Nel primo trimestre 2026 Citroën torna a crescere in Europa e nel mondo, spinta dalla nuova gamma e dalla strategia multi-energia.
La notizia principale è che Citroën ha iniziato il 2026 con un passo diverso. Nel primo trimestre il marchio ha consegnato 190.000 veicoli nel mondo, in crescita del 10%, mentre in Europa ha fatto ancora meglio con un aumento dei volumi del 12,3% e una quota di mercato salita al 3,5%, in progresso di 0,3 punti. Il dato pesa anche perché arriva in un contesto europeo che, per Stellantis, è tornato a muoversi ma con ritmi più moderati: nel complesso il mercato EU30 è cresciuto del 3,7% nel trimestre, segno che Citroën ha fatto più del semplice “seguire l’onda”.
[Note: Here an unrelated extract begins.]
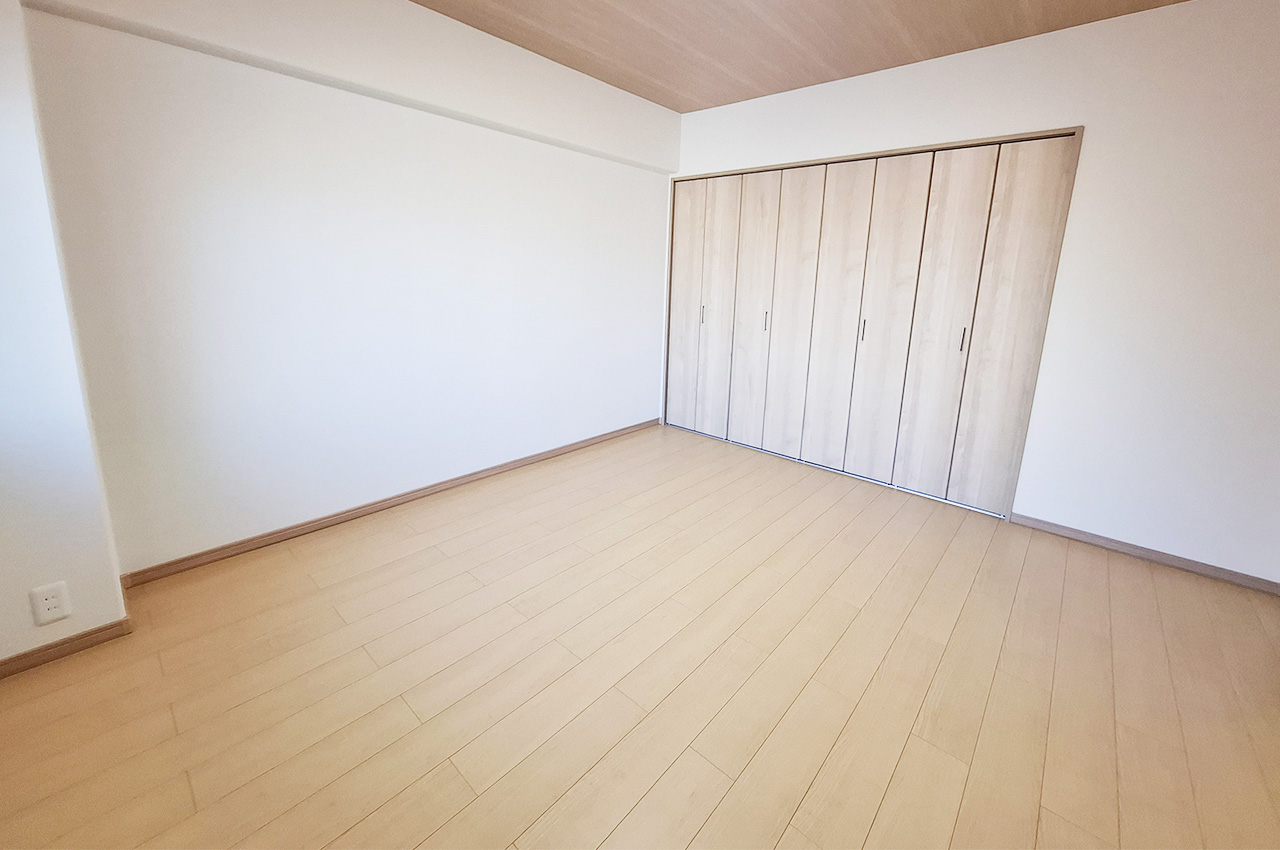 洋室1：クロスやフローリングを貼替えるなどリフォーム済み。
È presto per parlare di svolta definitiva, ma i numeri raccontano che il marchio francese sta provando a rientrare stabilmente nella conversazione del mercato generalista europeo. In Francia Citroën è salita del 7,3%, ha portato la quota al 9,2% ed è diventata il terzo player del mercato. In Italia, altro snodo importante per i marchi popolari, a marzo ha toccato il 3,9% di quota, mentre nel trimestre si è attestata al 3,8%, con tenuta anche nel canale privati. Sono dati che non risolvono da soli il tema della redditività o della continuità nel medio periodo, ma certificano che il marchio ha ricominciato a guadagnare terreno.
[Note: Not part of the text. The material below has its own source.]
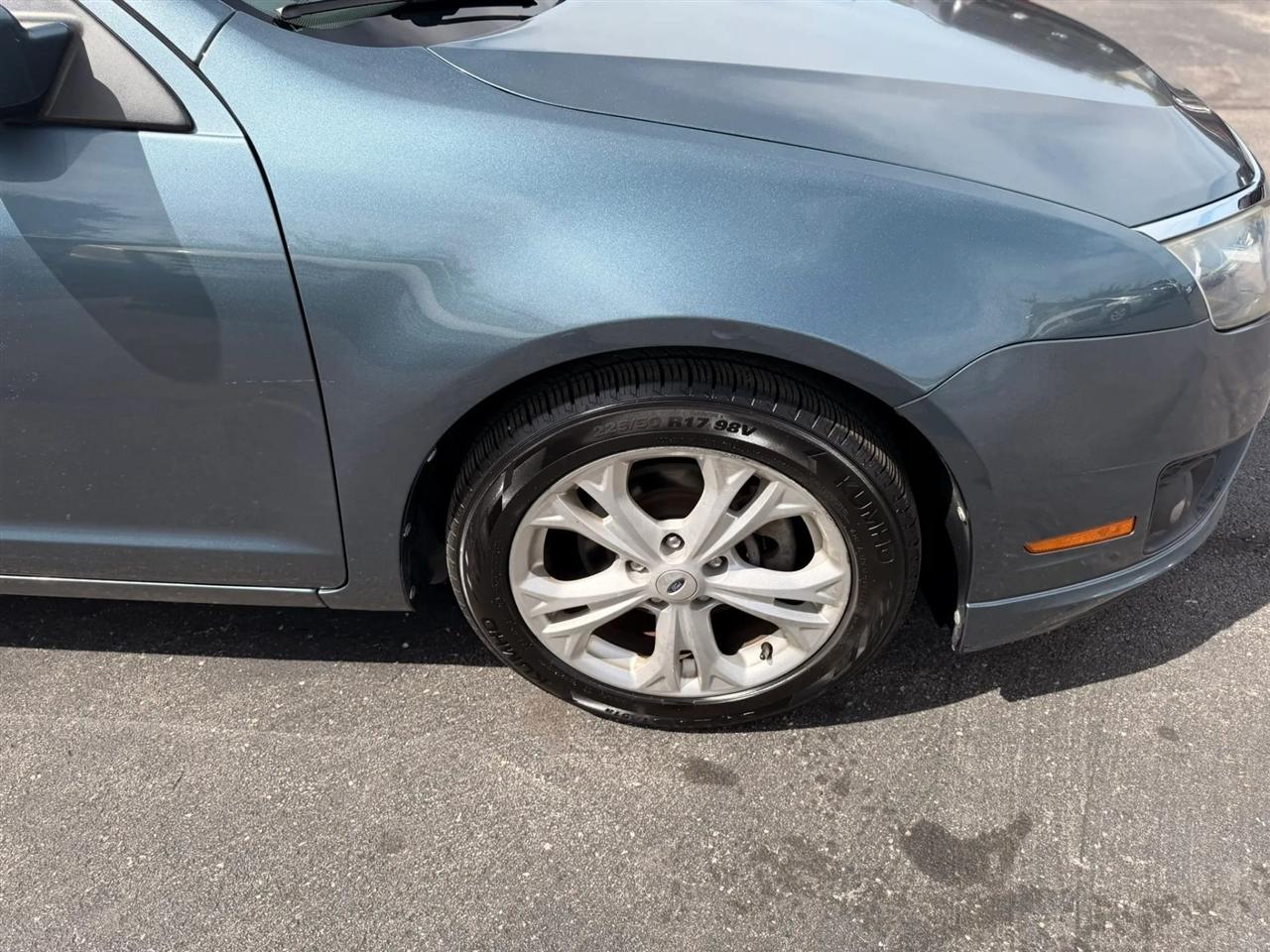 Ford Fusion SE 2012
La ragione di questo recupero sta soprattutto nella gamma. Citroën ha ricostruito il proprio listino attorno a una formula molto leggibile: più spazio, più comfort, prezzi più accessibili e soprattutto una proposta multi-energia che lascia al cliente la scelta tra termico, ibrido ed elettrico. È un messaggio industriale prima ancora che pubblicitario, perché intercetta un mercato europeo in cui la transizione procede, ma non in modo uniforme. Xavier Chardon ha rivendicato proprio questo punto, indicando nella libertà di scelta e nel nuovo corso prodotto il centro della crescita del marchio.
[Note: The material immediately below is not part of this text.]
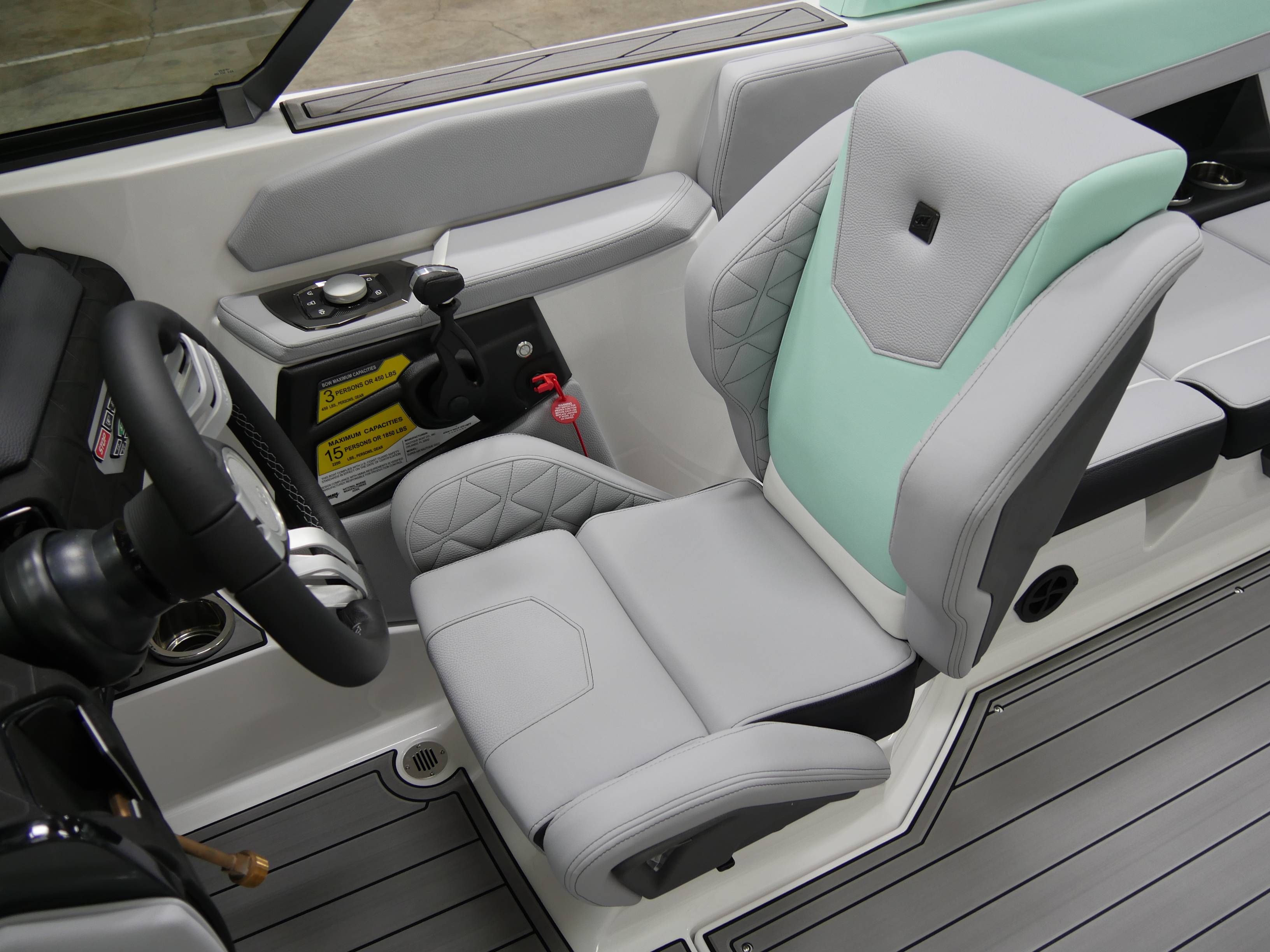 2025 Nautique Super Air Nautique GS22 - 14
Al centro del rilancio c’è chiaramente C3, che in questa fase è molto più di un modello d’accesso: è la vettura che deve riportare Citroën nel cuore del mercato. La nuova generazione si sta ritagliando un ruolo forte proprio grazie all’equilibrio tra prezzo, abitabilità e semplicità d’uso, mentre la ë-C3 sta diventando il simbolo della strategia di elettrificazione accessibile del marchio. In Europa, secondo Citroën, le versioni elettriche valgono già il 32% del mix della C3. In Italia la vettura è prima nel segmento B-Hatch BEV, prima anche tra le B-Hatch a benzina e seconda nel B-Hatch complessivo; in Spagna è seconda fra le compatte elettriche del segmento, mentre in Portogallo è già in top 3. Numeri che spiegano perché il rilancio del marchio oggi passi soprattutto da qui.
Accanto alla C3, il costruttore francese sta cercando di allargare il raggio d’azione. C3 Aircross è uno dei modelli chiave perché unisce un posizionamento accessibile a una formula sempre più rara nel segmento, quella dei sette posti. Citroën parla di 50.000 unità vendute nel 2025, di un portafoglio ordini cresciuto del 57% all’inizio del 2026 e di un mix elettrico del 27%. Nel segmento C, invece, la nuova C4 ha registrato in Francia un aumento delle immatricolazioni del 55%, mentre la nuova C5 Aircross viene presentata come il passo successivo dell’offensiva di prodotto: più abitabilità, maggiore focus sul comfort e autonomia elettrica fino a 680 km, con un incremento del 60% degli ordini e del 40% delle immatricolazioni nei principali mercati europei. Al di là del lessico aziendale, il punto è chiaro: Citroën sta cercando di presidiare con più decisione quasi tutti i segmenti chiave del mercato mainstream.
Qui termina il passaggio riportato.